REQUIREMENT: No pictures belong in the copy. Set down exactly the lines from the one that contains "a living room" through the end of the data.

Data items
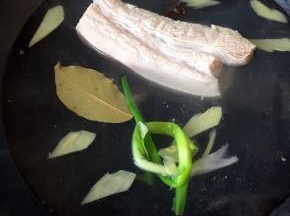 猪肉洗净，拔净残毛，葱姜洗净，姜切片，锅里烧开水，放入料酒，八角，桂皮，葱打结，姜片煮30分钟至8成熟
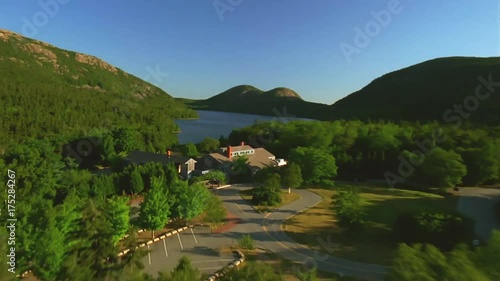 House on edge of Jordan Pond on film, aerial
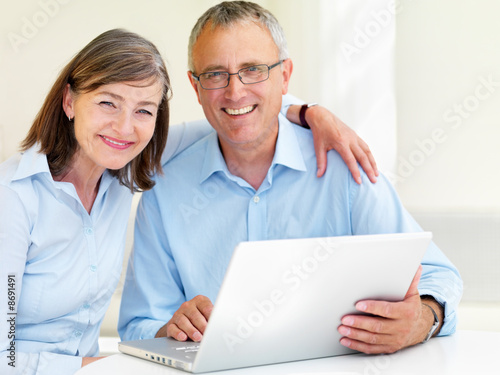 Happy old couple using laptop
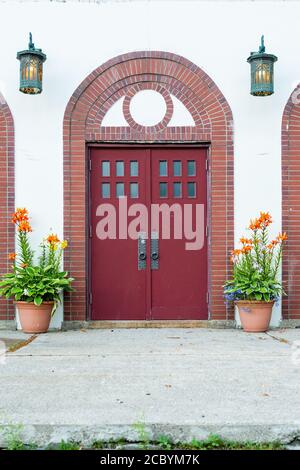 Deux grandes portes rouges avec de petites fenêtres carrées sur le dessus des portes en bois et une fenêtre courbe en demi-cercle sur l'entrée flanquée de pots de fleurs. Banque D'Images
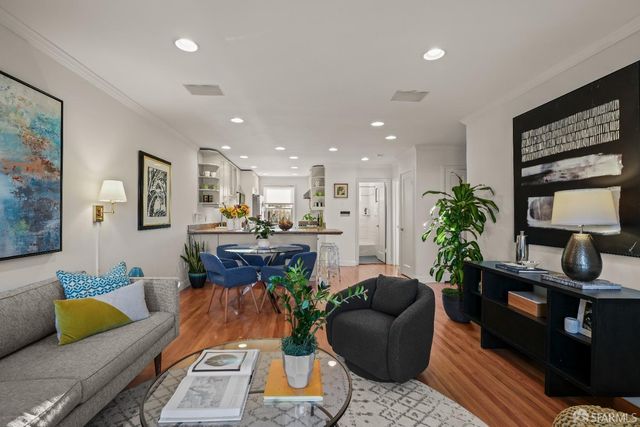 a living room with furniture a rug and a fireplace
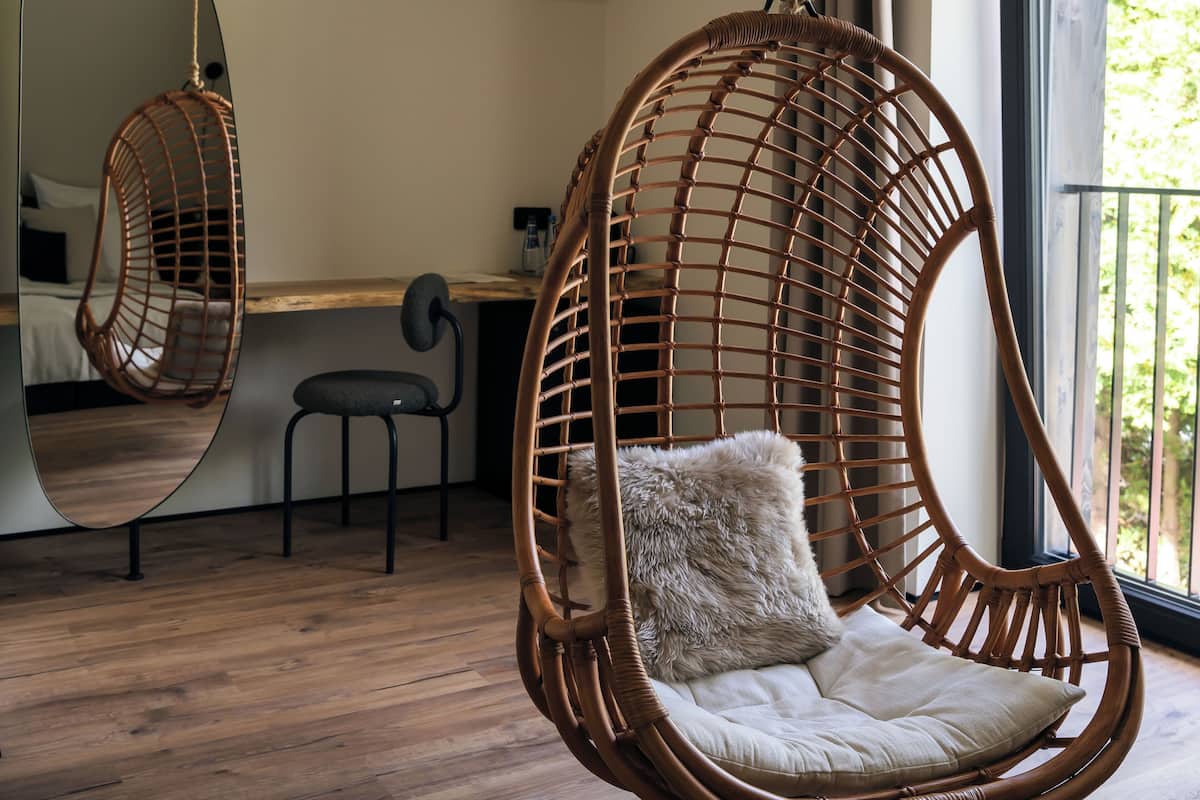 A room with a hanging chair, a small table, and a mirror reflecting the room.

EXPECTED ANSWER:
 a living room with furniture a rug and a fireplace
 A room with a hanging chair, a small table, and a mirror reflecting the room.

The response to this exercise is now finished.